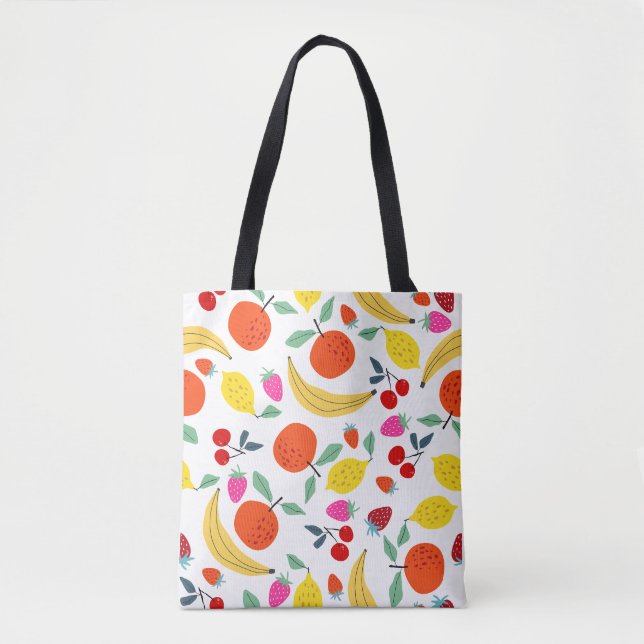Fresh Fruit Medley' Colourful Pattern Tote Bag (Front)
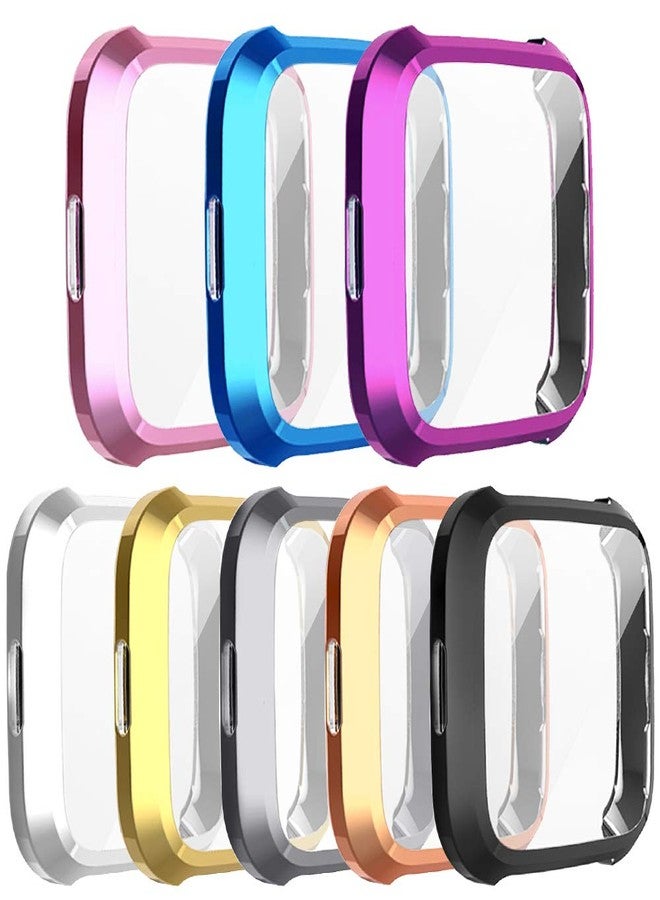 RICHONE [8-Pack] Screen Protector Case Compatible with Fitbit Versa Lite,All-Around Ultra Slim Soft TPU Plated Cover Scratch-Proof Protective Bumper Shell (8 Colors, Versa lite) - Image 1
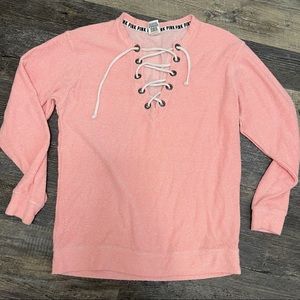 VS PINK Terry Cloth Lace-up Pullover Hoodie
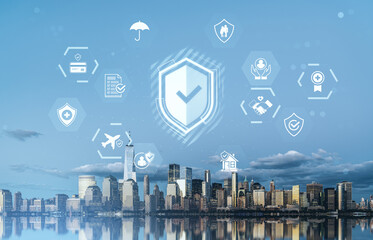 Futuristic insurance and protection concept with holographic icons over Manhattan skyline, NYC, representing safety, healthcare, and secure services.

▸ **Prompt**
Omit the pictures and write out the lines above from the one with "RICHONE [8-Pack] Screen" through the last, unchanged.

▸ **Task response**
 RICHONE [8-Pack] Screen Protector Case Compatible with Fitbit Versa Lite,All-Around Ultra Slim Soft TPU Plated Cover Scratch-Proof Protective Bumper Shell (8 Colors, Versa lite) - Image 1
 VS PINK Terry Cloth Lace-up Pullover Hoodie
 Futuristic insurance and protection concept with holographic icons over Manhattan skyline, NYC, representing safety, healthcare, and secure services.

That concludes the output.